Exercise materials below:
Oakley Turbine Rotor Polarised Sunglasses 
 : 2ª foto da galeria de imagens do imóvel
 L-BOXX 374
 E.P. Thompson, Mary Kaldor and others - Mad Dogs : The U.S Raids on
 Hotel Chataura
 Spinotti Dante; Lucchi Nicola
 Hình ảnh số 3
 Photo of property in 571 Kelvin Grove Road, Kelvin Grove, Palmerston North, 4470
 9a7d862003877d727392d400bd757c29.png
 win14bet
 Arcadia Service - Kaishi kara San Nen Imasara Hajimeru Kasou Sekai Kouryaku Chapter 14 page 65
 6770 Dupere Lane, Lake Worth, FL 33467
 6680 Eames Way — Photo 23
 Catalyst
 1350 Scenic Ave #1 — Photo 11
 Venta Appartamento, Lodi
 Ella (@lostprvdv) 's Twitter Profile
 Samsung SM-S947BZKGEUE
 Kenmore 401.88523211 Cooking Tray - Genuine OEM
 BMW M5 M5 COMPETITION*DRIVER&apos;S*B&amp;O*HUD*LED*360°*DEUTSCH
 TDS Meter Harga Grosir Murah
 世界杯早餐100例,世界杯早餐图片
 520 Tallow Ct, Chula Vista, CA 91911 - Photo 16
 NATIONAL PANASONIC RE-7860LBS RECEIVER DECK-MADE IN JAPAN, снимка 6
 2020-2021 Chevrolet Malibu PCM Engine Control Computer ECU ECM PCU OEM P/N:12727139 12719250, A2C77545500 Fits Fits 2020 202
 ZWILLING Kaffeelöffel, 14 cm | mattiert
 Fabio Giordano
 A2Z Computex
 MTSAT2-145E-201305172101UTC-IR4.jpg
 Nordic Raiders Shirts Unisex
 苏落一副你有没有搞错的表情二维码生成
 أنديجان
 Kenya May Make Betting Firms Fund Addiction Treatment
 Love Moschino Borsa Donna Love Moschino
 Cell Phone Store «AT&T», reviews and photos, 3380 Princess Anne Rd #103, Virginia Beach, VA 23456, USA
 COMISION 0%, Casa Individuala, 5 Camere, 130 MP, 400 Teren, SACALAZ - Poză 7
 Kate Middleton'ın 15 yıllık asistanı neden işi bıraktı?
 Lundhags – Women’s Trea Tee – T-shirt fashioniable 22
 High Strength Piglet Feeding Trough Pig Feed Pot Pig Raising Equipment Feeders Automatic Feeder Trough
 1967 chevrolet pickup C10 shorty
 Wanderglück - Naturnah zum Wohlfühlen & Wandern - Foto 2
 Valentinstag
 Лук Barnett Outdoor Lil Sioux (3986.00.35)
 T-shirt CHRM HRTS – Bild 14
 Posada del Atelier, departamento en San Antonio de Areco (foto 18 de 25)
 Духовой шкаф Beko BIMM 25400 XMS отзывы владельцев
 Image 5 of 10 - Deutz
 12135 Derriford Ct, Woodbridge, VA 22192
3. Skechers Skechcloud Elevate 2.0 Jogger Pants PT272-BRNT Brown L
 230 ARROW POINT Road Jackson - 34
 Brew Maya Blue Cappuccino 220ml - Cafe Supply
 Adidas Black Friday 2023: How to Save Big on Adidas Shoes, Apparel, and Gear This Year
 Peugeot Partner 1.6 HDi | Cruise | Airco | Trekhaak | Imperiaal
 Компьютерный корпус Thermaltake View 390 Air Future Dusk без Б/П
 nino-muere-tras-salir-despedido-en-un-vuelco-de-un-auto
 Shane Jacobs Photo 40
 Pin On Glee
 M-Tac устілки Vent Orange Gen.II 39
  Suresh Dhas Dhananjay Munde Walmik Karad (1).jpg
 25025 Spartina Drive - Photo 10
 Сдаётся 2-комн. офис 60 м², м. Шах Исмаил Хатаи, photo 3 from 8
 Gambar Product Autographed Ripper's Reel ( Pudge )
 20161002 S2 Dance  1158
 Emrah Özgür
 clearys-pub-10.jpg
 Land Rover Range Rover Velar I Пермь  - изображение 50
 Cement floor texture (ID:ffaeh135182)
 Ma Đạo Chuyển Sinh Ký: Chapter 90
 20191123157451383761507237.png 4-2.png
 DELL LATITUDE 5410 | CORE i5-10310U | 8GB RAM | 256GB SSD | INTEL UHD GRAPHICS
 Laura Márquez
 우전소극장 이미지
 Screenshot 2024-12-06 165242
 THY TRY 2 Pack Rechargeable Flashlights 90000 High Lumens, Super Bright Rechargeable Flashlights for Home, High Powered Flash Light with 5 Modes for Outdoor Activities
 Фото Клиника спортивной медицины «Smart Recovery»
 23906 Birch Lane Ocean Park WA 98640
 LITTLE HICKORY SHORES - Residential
End of Exercise materials.
* Exercise aim *
Once you have read through the entries above, state how many lines hold the word "Chapter", giving nothing but the number.

* Finished task *
2